_EXERCISE AIM_.
Take the line that holds "1.2: Graphs of" and every line after it to the end of the entries, and repeat them exactly without the pictures.

Stored data entries

........

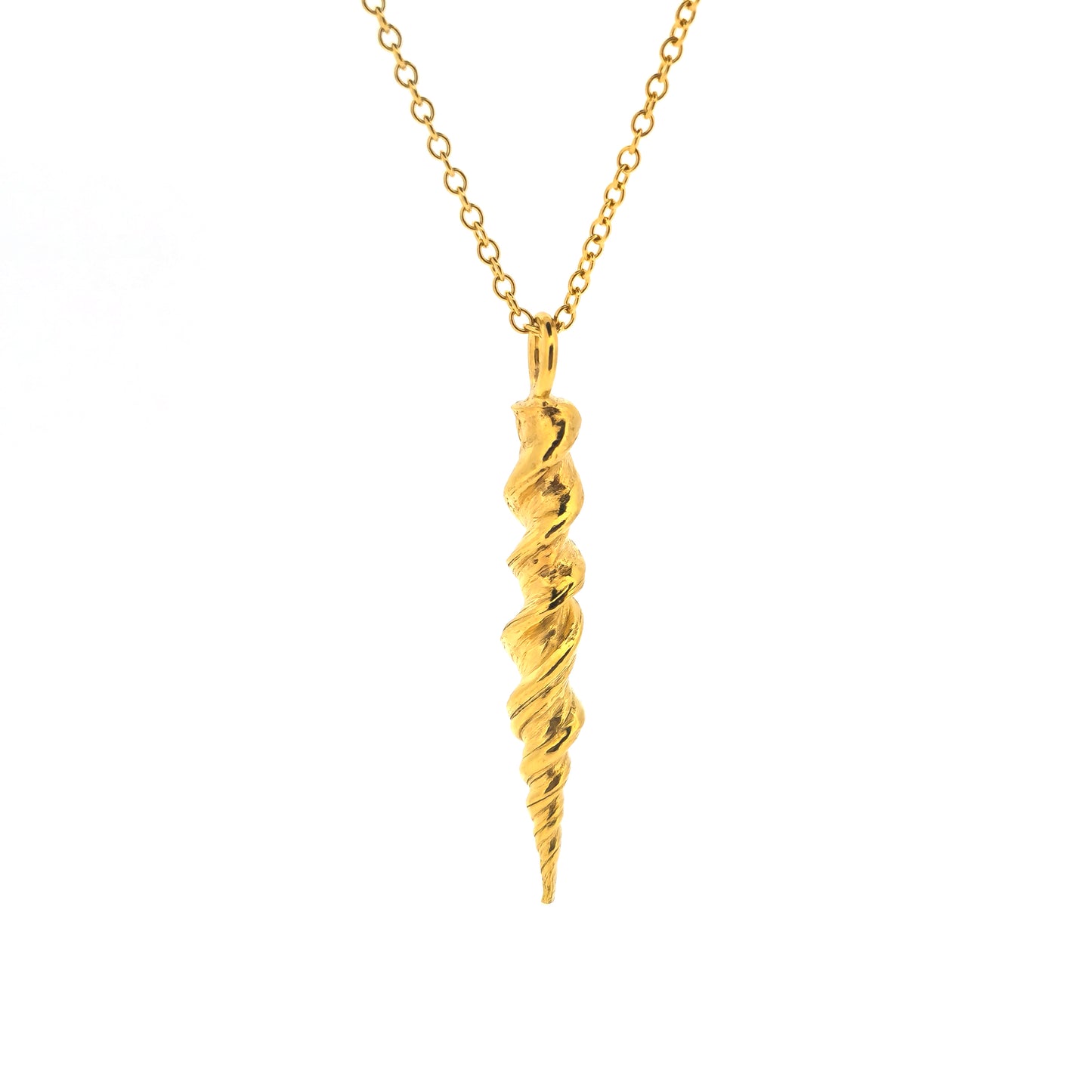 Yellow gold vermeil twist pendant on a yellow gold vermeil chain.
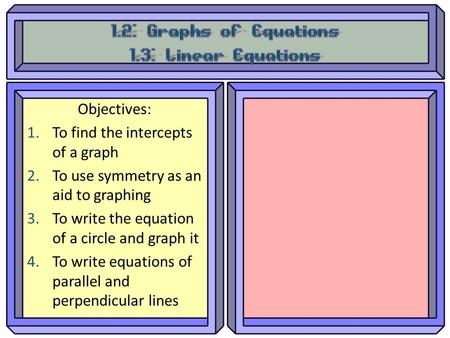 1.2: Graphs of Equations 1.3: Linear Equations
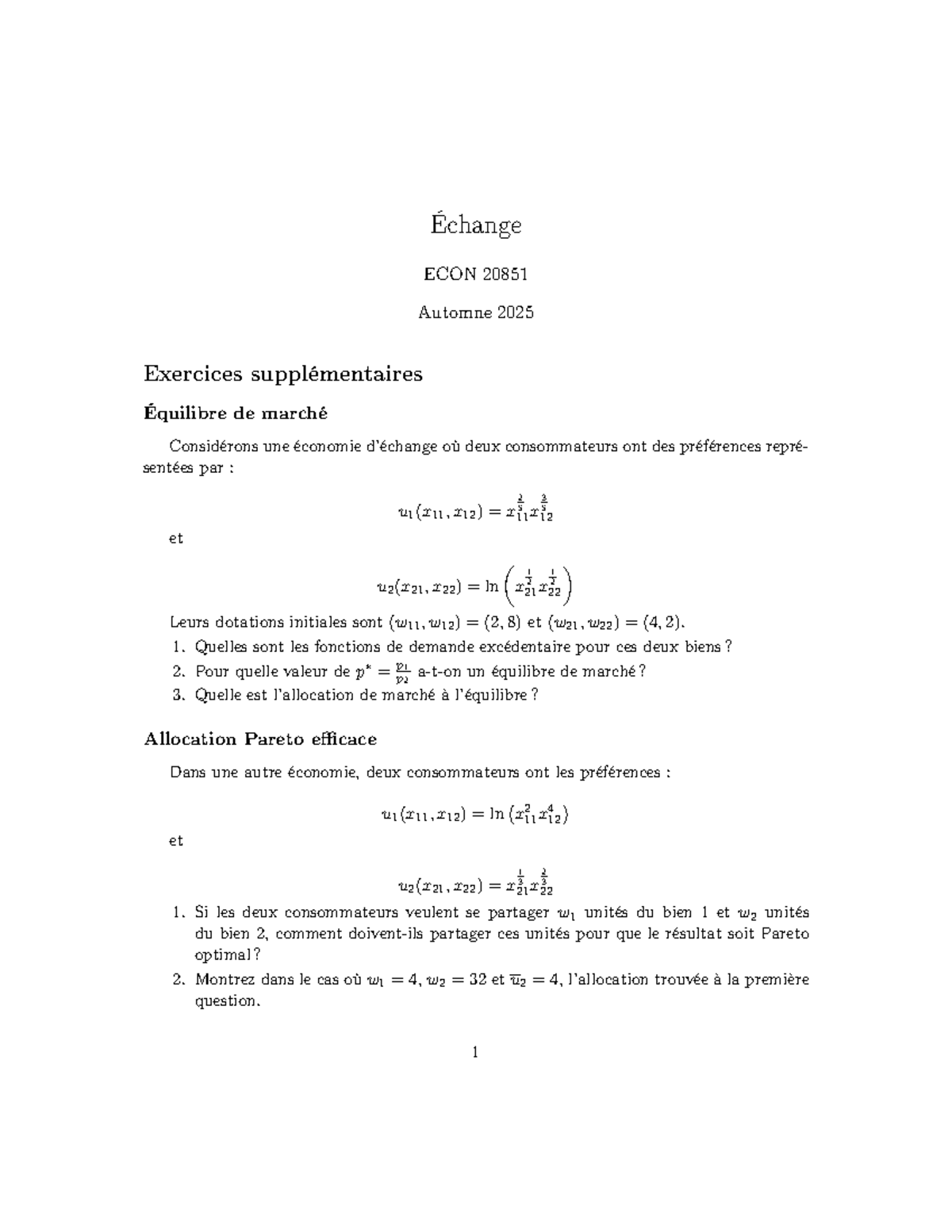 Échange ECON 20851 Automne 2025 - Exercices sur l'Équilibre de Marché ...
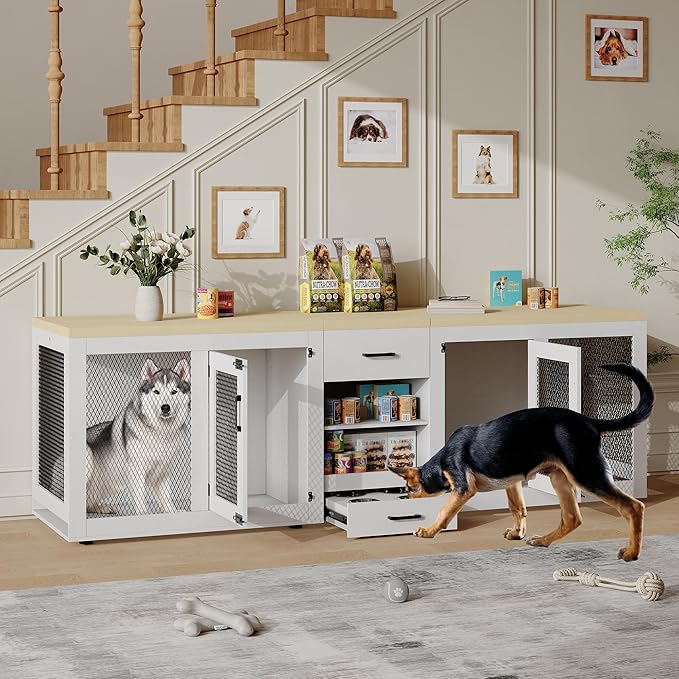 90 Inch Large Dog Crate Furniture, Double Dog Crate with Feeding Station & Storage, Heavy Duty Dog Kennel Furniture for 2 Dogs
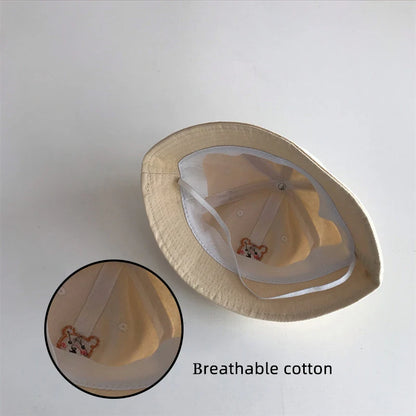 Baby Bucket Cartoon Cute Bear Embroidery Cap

........

_ANSWER FOR THE TASK_.
 1.2: Graphs of Equations 1.3: Linear Equations
 Échange ECON 20851 Automne 2025 - Exercices sur l'Équilibre de Marché ...
 90 Inch Large Dog Crate Furniture, Double Dog Crate with Feeding Station & Storage, Heavy Duty Dog Kennel Furniture for 2 Dogs
 Baby Bucket Cartoon Cute Bear Embroidery Cap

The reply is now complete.